Using the records below, give again exactly the lines from the line that contains "انڈین فین ٹیل جوڑا by Safi Ullah" through the line that contains "Picture 02 - 1", both ends included, and only those.

(SUPPLIED RECORDS begins)

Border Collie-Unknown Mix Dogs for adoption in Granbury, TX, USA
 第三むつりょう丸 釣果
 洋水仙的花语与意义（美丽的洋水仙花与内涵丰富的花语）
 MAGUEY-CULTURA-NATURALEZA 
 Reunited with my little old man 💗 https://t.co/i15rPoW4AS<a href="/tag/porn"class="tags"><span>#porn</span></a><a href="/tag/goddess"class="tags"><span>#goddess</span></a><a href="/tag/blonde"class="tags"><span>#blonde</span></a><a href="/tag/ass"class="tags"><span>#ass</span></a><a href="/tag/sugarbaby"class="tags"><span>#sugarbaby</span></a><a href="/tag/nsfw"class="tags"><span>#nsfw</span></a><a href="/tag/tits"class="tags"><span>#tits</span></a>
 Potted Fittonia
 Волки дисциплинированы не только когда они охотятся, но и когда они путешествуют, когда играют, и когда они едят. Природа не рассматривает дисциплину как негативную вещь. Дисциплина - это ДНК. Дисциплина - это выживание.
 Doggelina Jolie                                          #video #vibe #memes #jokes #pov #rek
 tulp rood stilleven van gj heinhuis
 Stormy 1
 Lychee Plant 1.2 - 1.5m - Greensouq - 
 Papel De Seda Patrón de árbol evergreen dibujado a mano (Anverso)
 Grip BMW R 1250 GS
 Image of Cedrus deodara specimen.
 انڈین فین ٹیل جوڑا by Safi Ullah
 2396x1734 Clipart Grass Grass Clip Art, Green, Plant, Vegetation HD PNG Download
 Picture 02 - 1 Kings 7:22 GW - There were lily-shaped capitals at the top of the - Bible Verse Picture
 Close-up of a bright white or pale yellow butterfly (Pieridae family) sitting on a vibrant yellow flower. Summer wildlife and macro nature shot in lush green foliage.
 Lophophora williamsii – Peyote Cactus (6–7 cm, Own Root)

(SUPPLIED RECORDS ends)

• FINISHED EXERCISE:
 انڈین فین ٹیل جوڑا by Safi Ullah
 2396x1734 Clipart Grass Grass Clip Art, Green, Plant, Vegetation HD PNG Download
 Picture 02 - 1 Kings 7:22 GW - There were lily-shaped capitals at the top of the - Bible Verse Picture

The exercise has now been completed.